First link with quotes: 'http://server.com/old1'
First link: http://server.com/old1. A new sentence.
First link with extra slash: http://server.com/old1/
First link with query string: http://server.com/old1?search=no
Second link with http: http://server.com/old2
Second link with https: https://server.com/old2
Second link with extra slash: http://server.com/old2/
Second link with query string: http://server.com/old2?search=no
Not first link: http://server.com/old10
Not second link: http://server.com/old20
Also imagine you have several files like this. Now you need to change all URL:s that end with old1 and old2. How do you do this efficiently?
A naive solution
My first attempt to solve this was a PowerShell script like this:
$files = Get-ChildItem -Include ("*.txt") -Recurse
$data = @(
[PSCustomObject]@{
Old = 'http://server.com/old1';
New = 'https://server.com/new1';
},
[PSCustomObject]@{
Old = 'http://server.com/old2';
New = 'https://server.com/new2';
}
)
$files | ForEach-Object {
$filecontent = Get-Content $_
$data | ForEach-Object {
$filecontent = $filecontent -replace $_.Old, $_.New
}
Set-Content -Path $_.FullName -Value $filecontent
}
This mostly works, and in some situations, this might be good enough. But there are some limitations:
- It only replaces URL:s that begins with http. You could work around this by making the array twice as large.

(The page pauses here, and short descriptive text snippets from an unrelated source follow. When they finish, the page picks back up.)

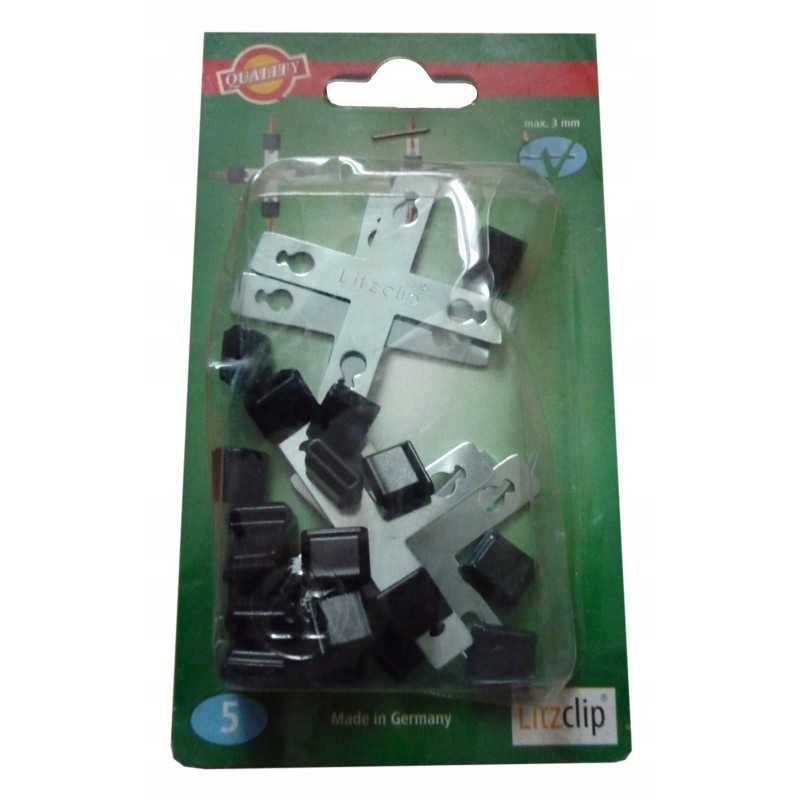 Kryžminė jungtis 3 mm litzclip kabeliui, 5 vnt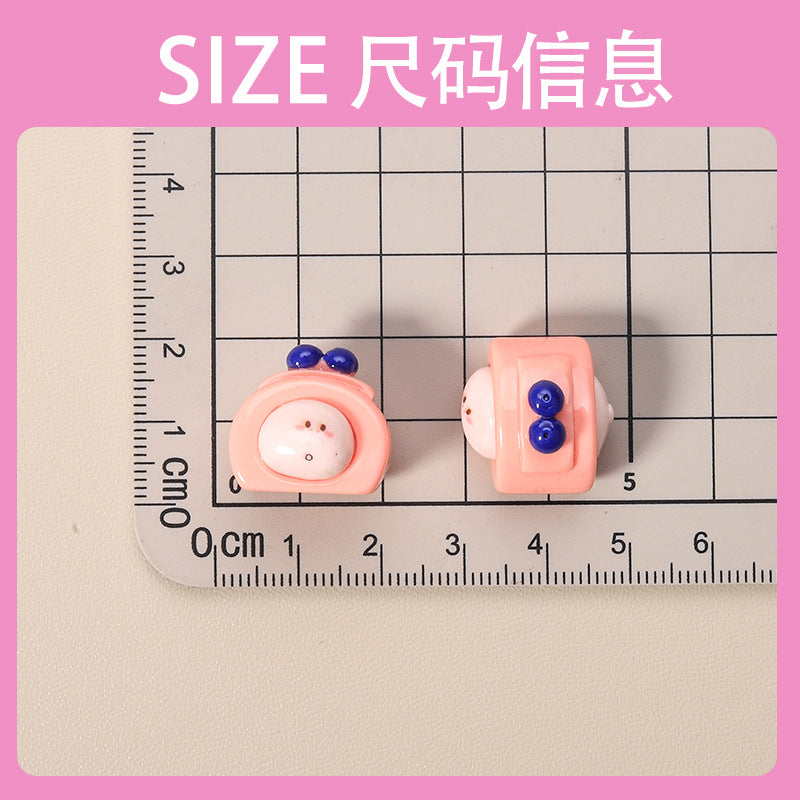 10 PCS Cartoon Resin Charms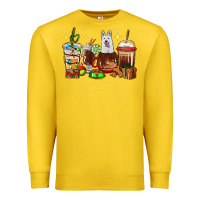 Lemon Christmas coffee cups with White Shepherd Premium Sweatshirt - RanaPortraitStore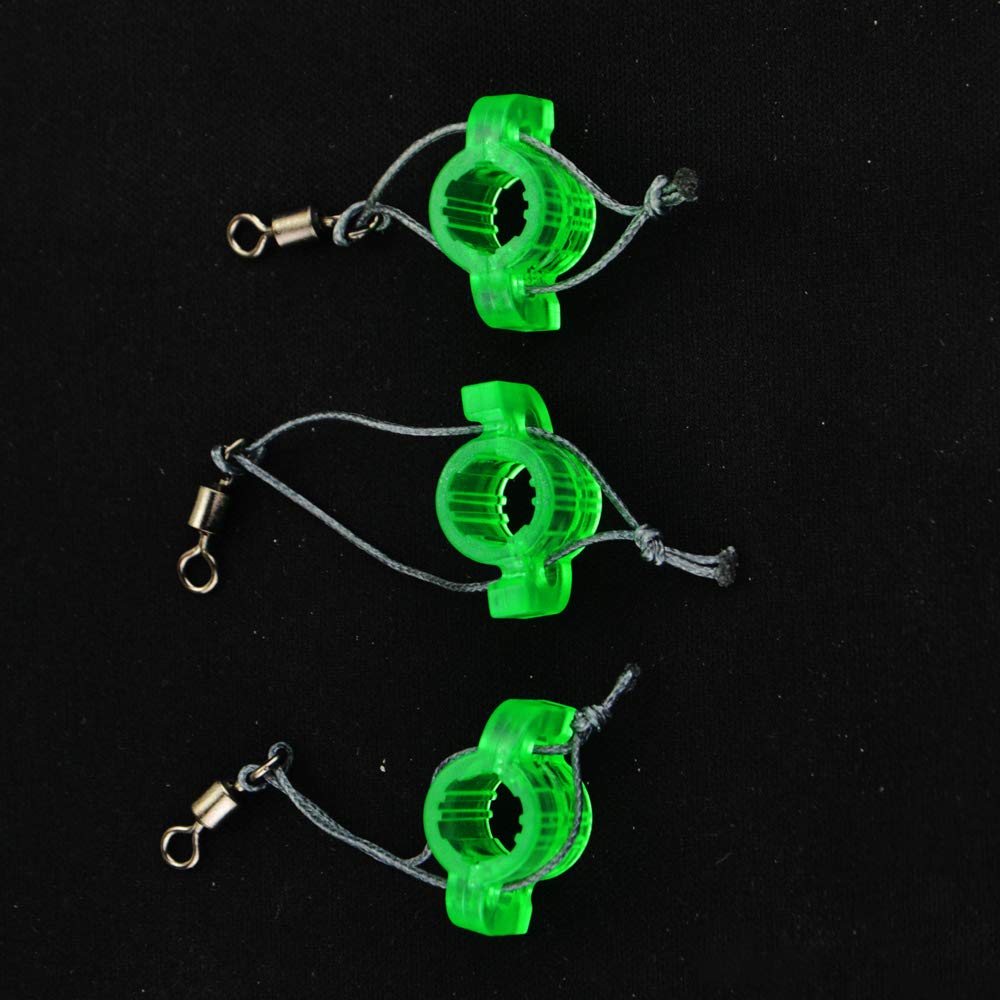 ZSHJGJR 24 Pack Archery Bowfishing Safety Slides Shooting Fishing Arrow Slider for 8mm Arrow Shaft Outdoor Fish Hunting Accessories (Green)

- It will also partly replace URL:s that end with old10 - these should not be updated at all.
- If the URL ends with a slash, it will not be removed. Not a big problem, but we want to fix this too.
The solution
This code is a bit more complex, but it solves all problems mention earlier:
$files = Get-ChildItem -Include ("*.txt") -Recurse
$data = @(
[pscustomobject]@{
Old = 'server.com/old1';
New = 'server.com/new1';
},
[pscustomobject]@{
Old = 'server.com/old2';
New = 'server.com/new2';
}
)
$files | ForEach-Object {
$filecontent = Get-Content $_
$data | ForEach-Object {
$filecontent = $filecontent -replace "http(s)?://$($_.Old)(\/)?([^a-zA-Z0-9]|`$)", "https://$($_.New)`$3"
}
Set-Content -Path $_.FullName -Value $filecontent
}
The replacement expression might need some clarification. First, this is what we are looking for:
- http(s)?:// - It should start with http:// or https://
- $($_.Old) - This is the server and path previously defined.
- (\/)? - This is the slash at the end of the URL - if there is any.
- ([^a-zA-Z0-9]|`$) - This is a character after the URL. It should not be a number or a letter - but it might be end of string.
This is then replaced with:
- https:// - It is what it looks like
- $($_.New) - The new server and path previously defined.
- `$3 - The extra character after the URL that we might have catch.
By the way, the accent before the dollar sign (like in `$3) is just an escape sequence, telling PowerShell that the dollar sign should be as it is and not be treated like a variable.
Summary
This was a fun little exercise for me. PowerShell and regular expressions are something that I always need to practice on.